Work instructions: Without changing a word, repeat the data, and include no pictures.
Segment Start: Recorded information
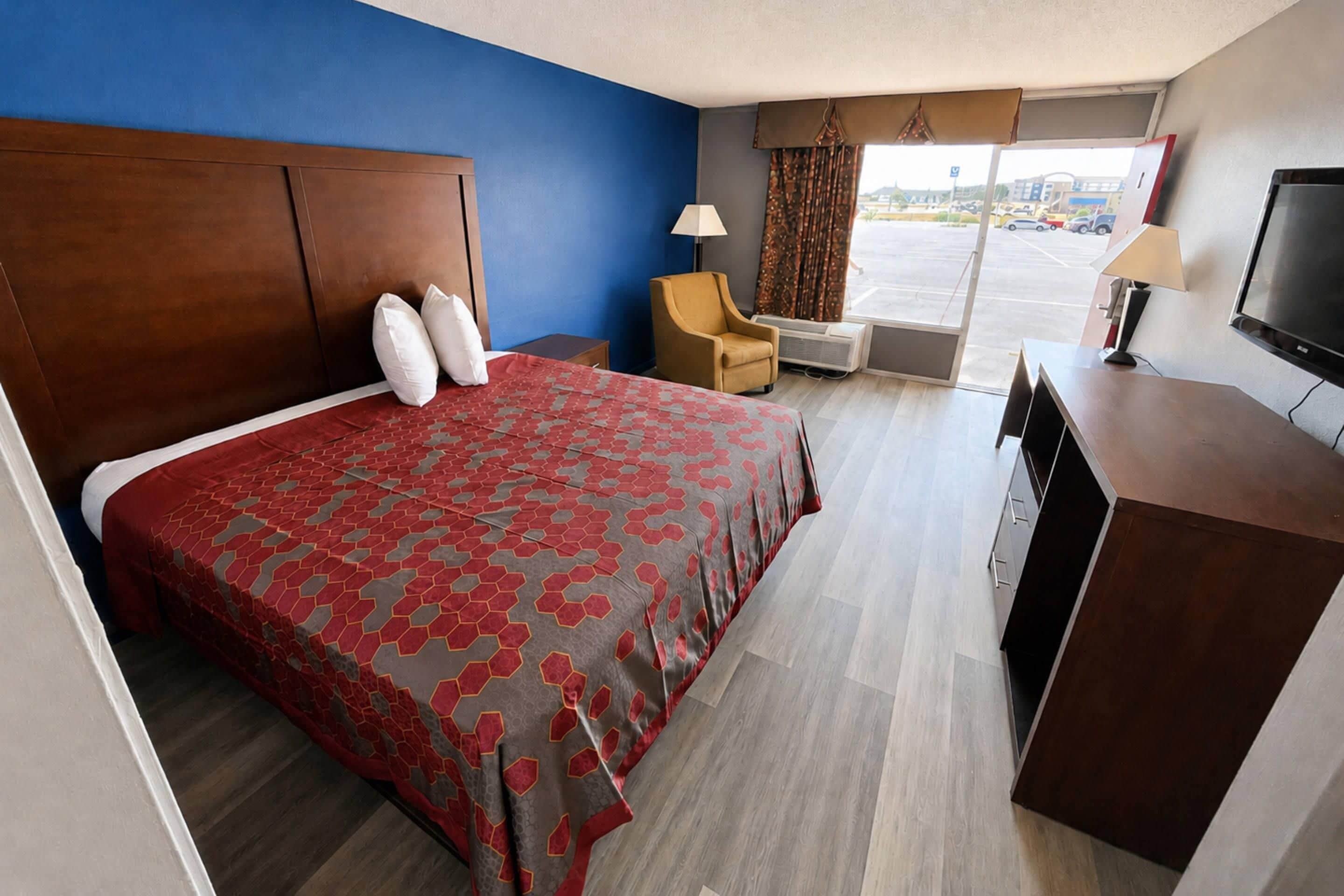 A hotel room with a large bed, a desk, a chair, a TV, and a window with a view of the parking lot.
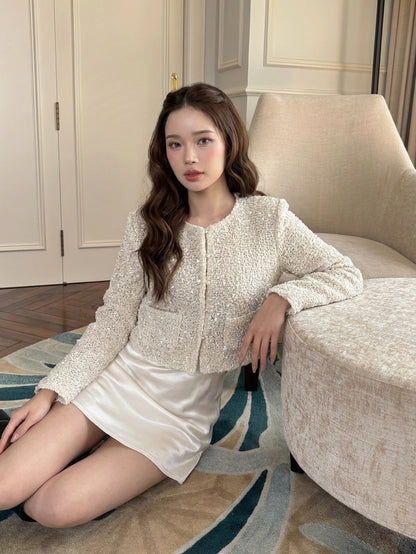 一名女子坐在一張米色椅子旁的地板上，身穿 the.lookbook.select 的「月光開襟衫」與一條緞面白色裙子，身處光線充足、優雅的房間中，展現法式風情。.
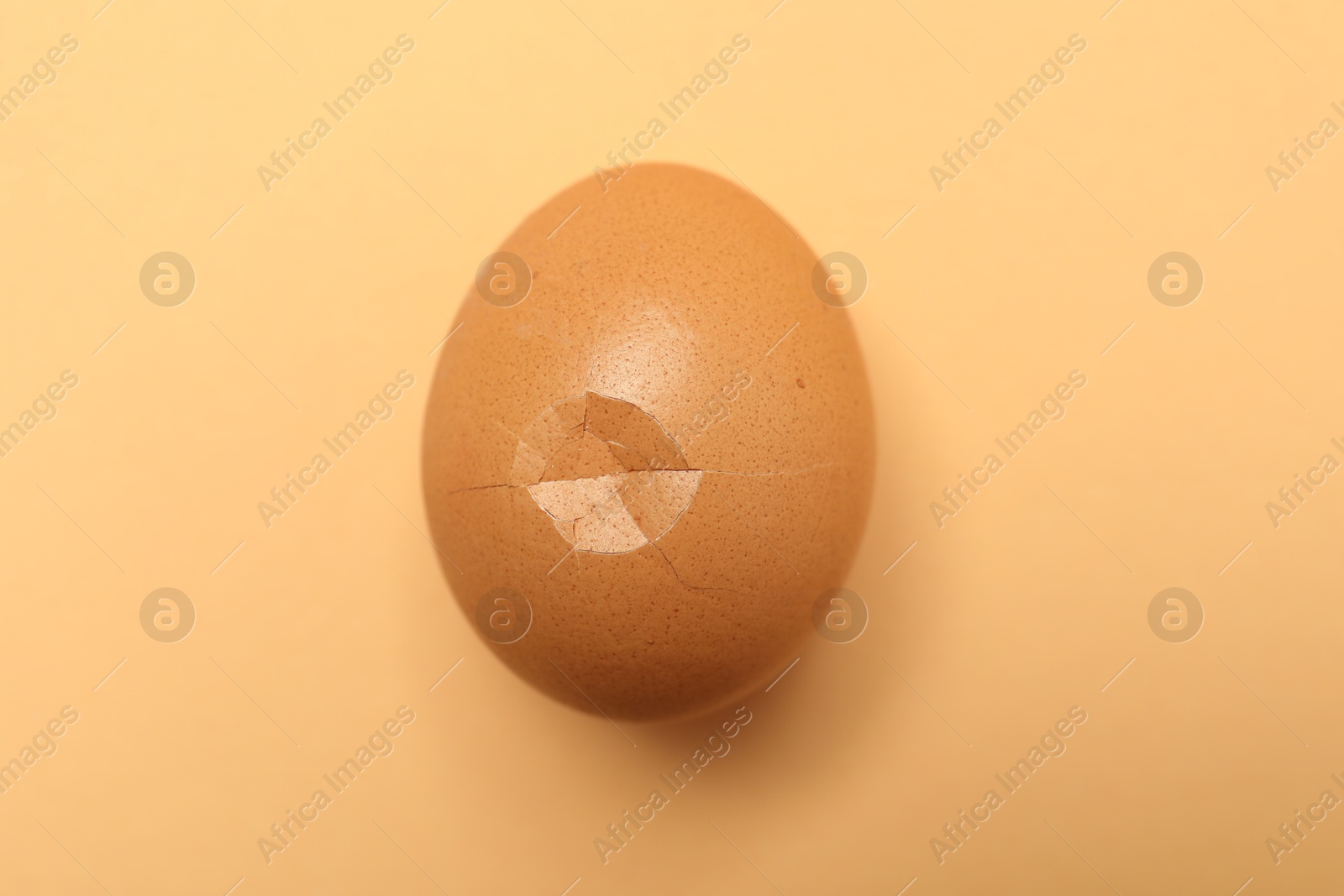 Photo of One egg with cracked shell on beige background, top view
Segment End: Recorded information
Exercise response:
 A hotel room with a large bed, a desk, a chair, a TV, and a window with a view of the parking lot.
 一名女子坐在一張米色椅子旁的地板上，身穿 the.lookbook.select 的「月光開襟衫」與一條緞面白色裙子，身處光線充足、優雅的房間中，展現法式風情。.
 Photo of One egg with cracked shell on beige background, top view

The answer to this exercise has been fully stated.